**WORK REQUIRED:** Give the records again word for word. Leave every picture out.

╭─ DATA SUPPLIED

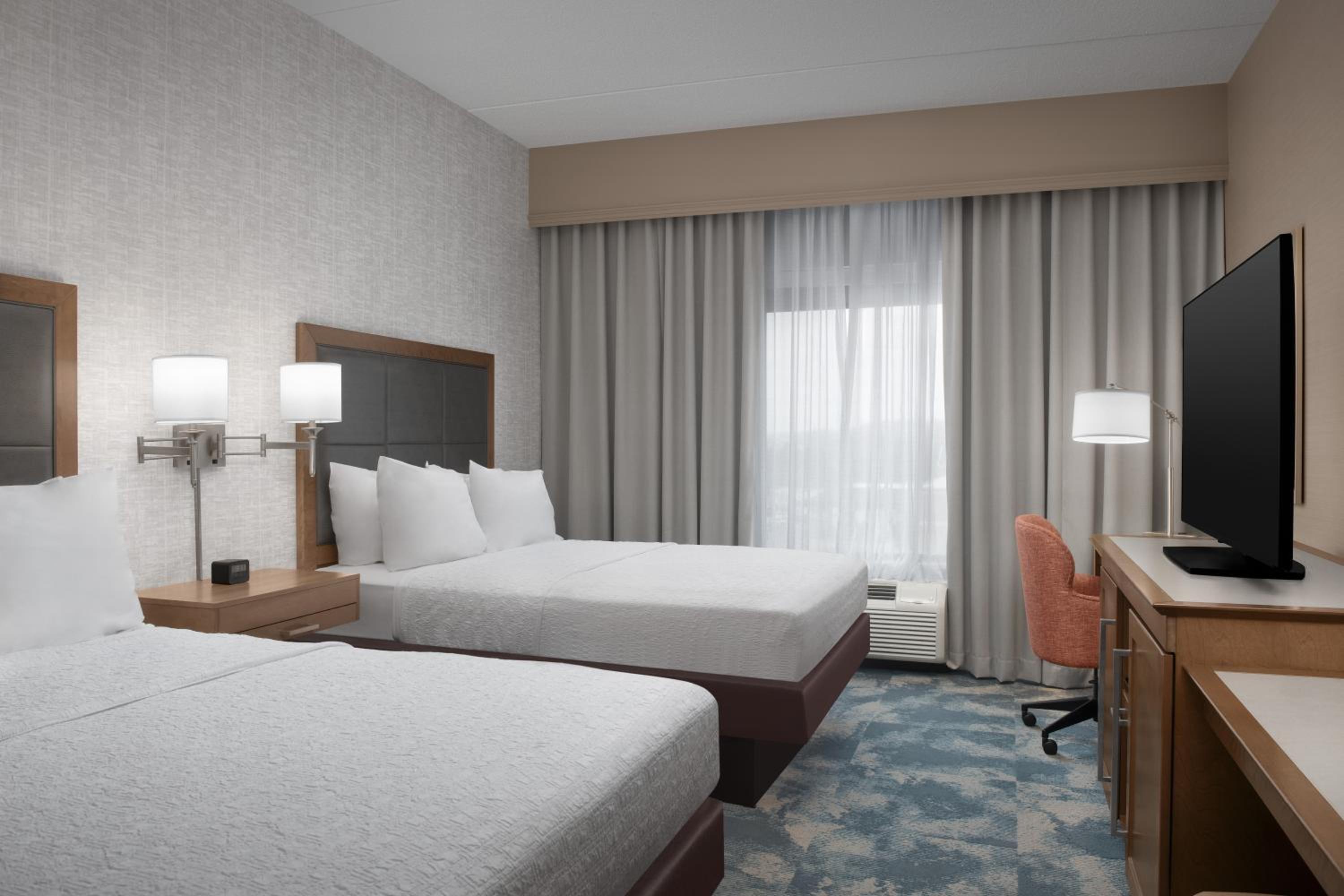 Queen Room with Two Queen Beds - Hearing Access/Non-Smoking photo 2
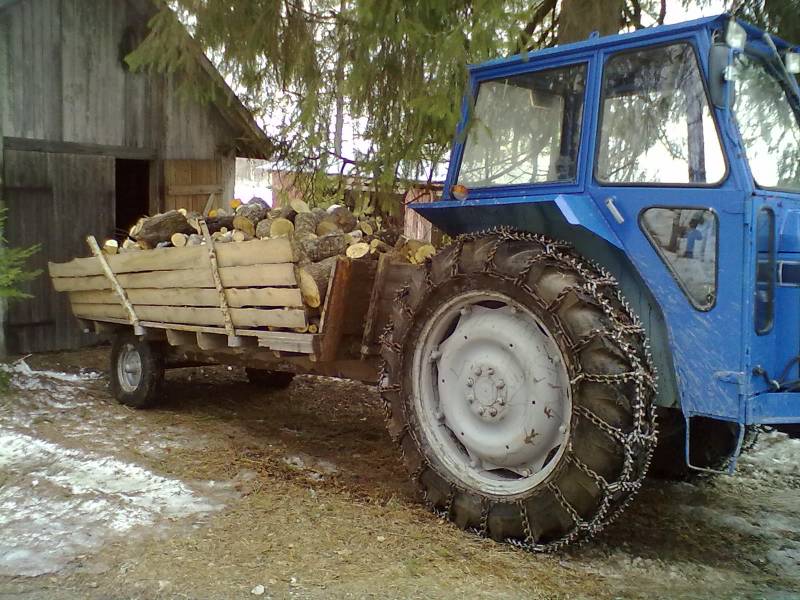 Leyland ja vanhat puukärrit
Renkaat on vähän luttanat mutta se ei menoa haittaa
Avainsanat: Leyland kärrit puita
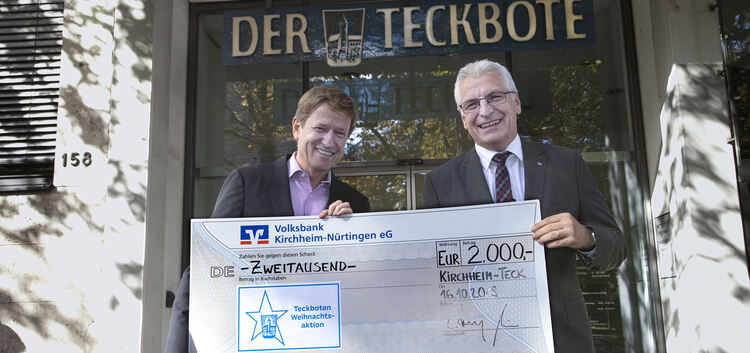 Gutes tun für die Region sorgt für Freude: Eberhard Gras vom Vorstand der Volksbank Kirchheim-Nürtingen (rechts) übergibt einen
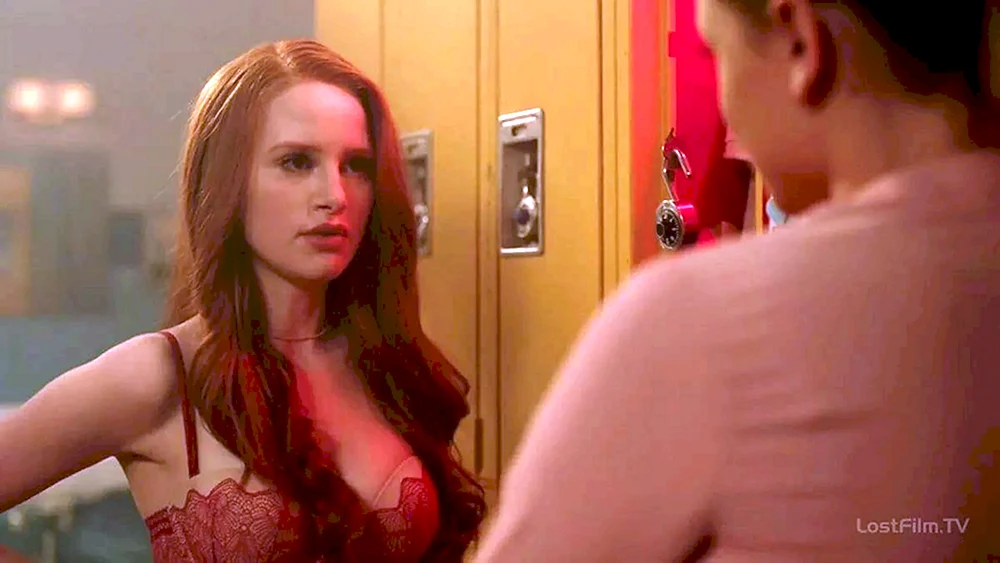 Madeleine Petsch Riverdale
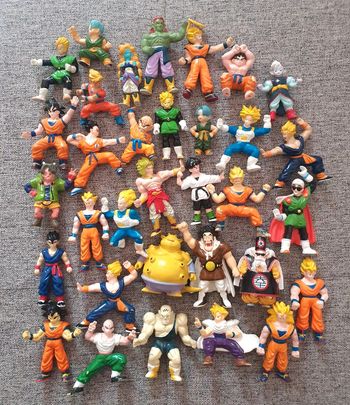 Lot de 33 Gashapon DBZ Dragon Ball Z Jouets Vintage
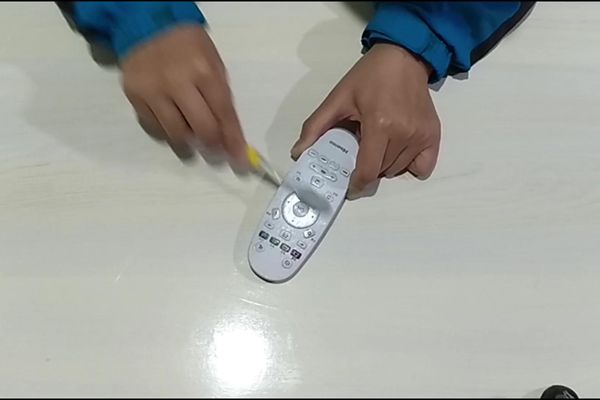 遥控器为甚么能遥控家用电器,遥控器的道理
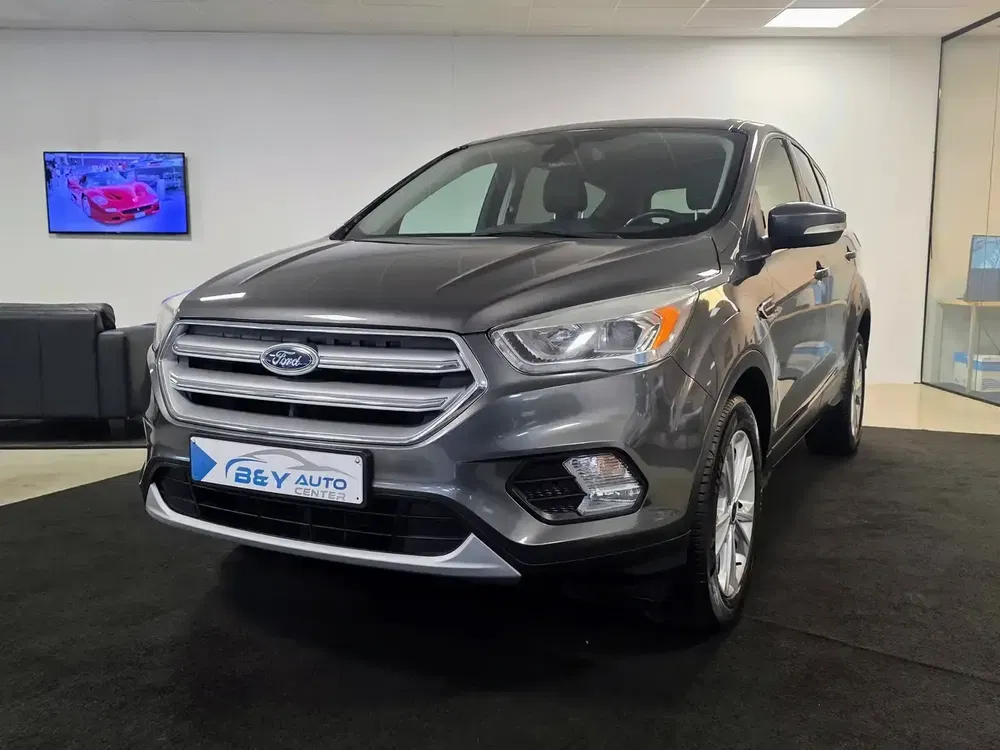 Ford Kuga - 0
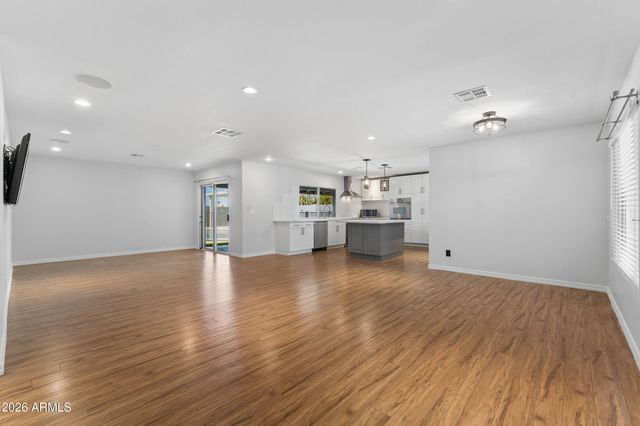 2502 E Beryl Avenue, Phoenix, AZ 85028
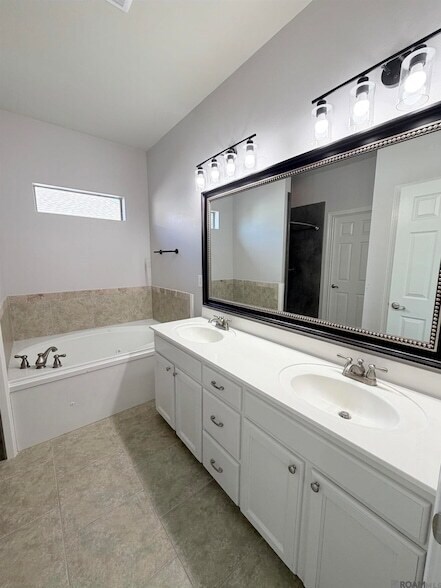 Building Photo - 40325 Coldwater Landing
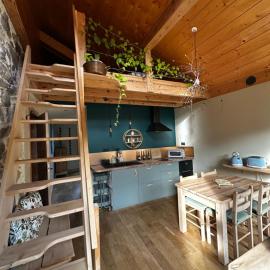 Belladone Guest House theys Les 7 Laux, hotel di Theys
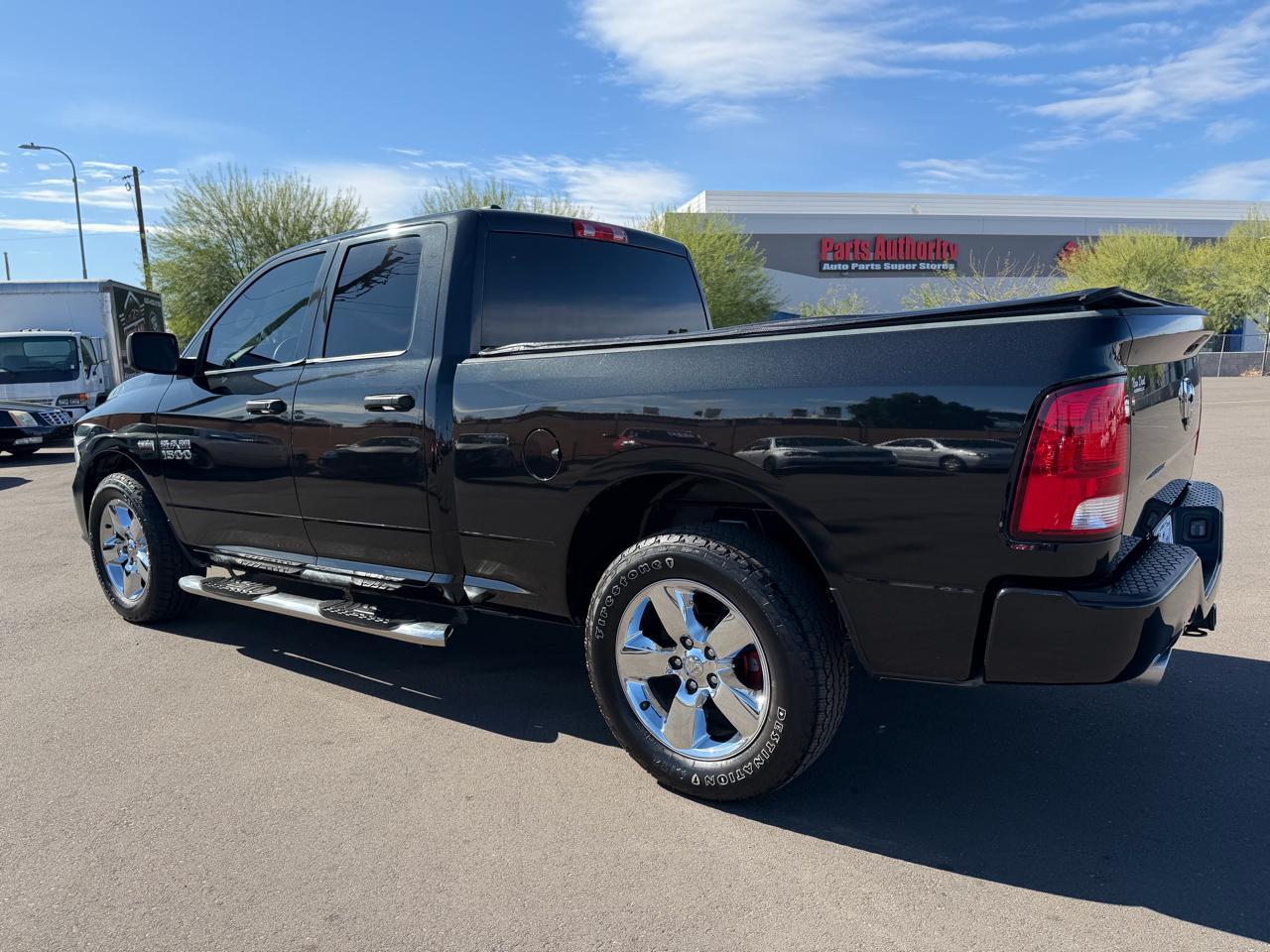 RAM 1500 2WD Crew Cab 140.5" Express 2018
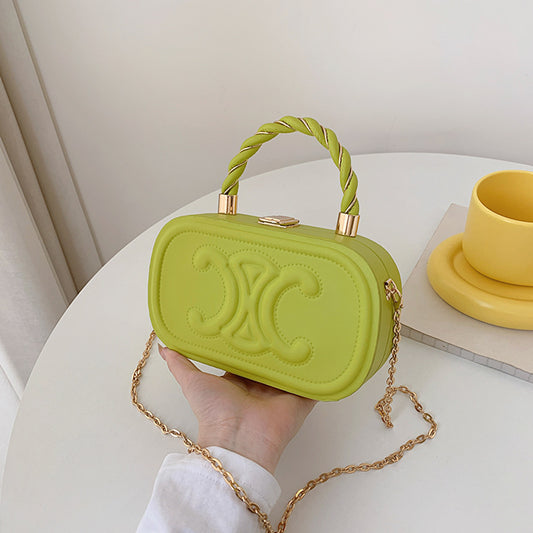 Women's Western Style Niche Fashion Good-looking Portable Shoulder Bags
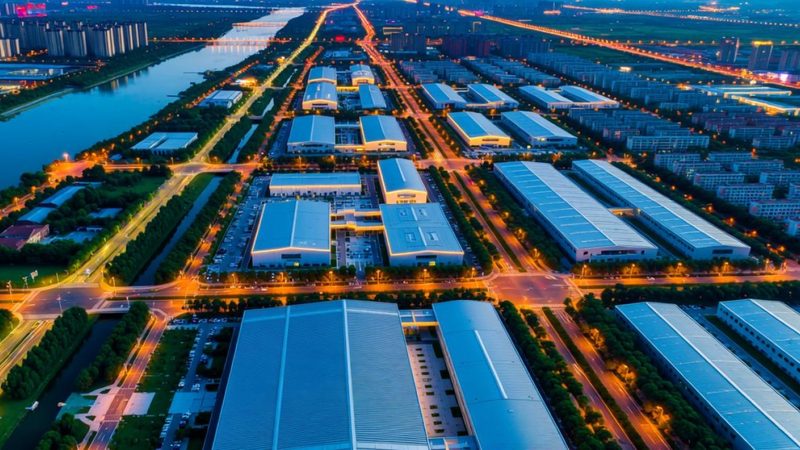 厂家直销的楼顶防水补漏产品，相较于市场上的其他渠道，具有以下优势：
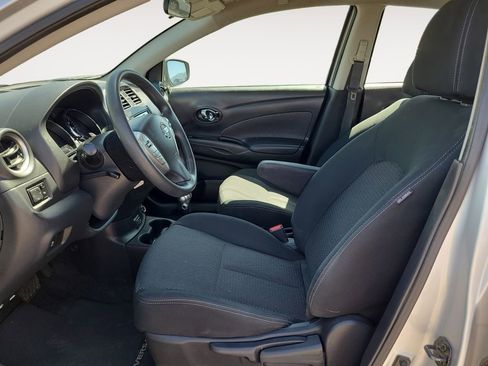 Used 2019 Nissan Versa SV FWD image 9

╰─

**RESULT OF THE TASK:**
 Queen Room with Two Queen Beds - Hearing Access/Non-Smoking photo 2
 Leyland ja vanhat puukärrit
Renkaat on vähän luttanat mutta se ei menoa haittaa
Avainsanat: Leyland kärrit puita
 Gutes tun für die Region sorgt für Freude: Eberhard Gras vom Vorstand der Volksbank Kirchheim-Nürtingen (rechts) übergibt einen
 Madeleine Petsch Riverdale
 Lot de 33 Gashapon DBZ Dragon Ball Z Jouets Vintage
 遥控器为甚么能遥控家用电器,遥控器的道理
 Ford Kuga - 0
 2502 E Beryl Avenue, Phoenix, AZ 85028
 Building Photo - 40325 Coldwater Landing
 Belladone Guest House theys Les 7 Laux, hotel di Theys
 RAM 1500 2WD Crew Cab 140.5" Express 2018
 Women's Western Style Niche Fashion Good-looking Portable Shoulder Bags
 厂家直销的楼顶防水补漏产品，相较于市场上的其他渠道，具有以下优势：
 Used 2019 Nissan Versa SV FWD image 9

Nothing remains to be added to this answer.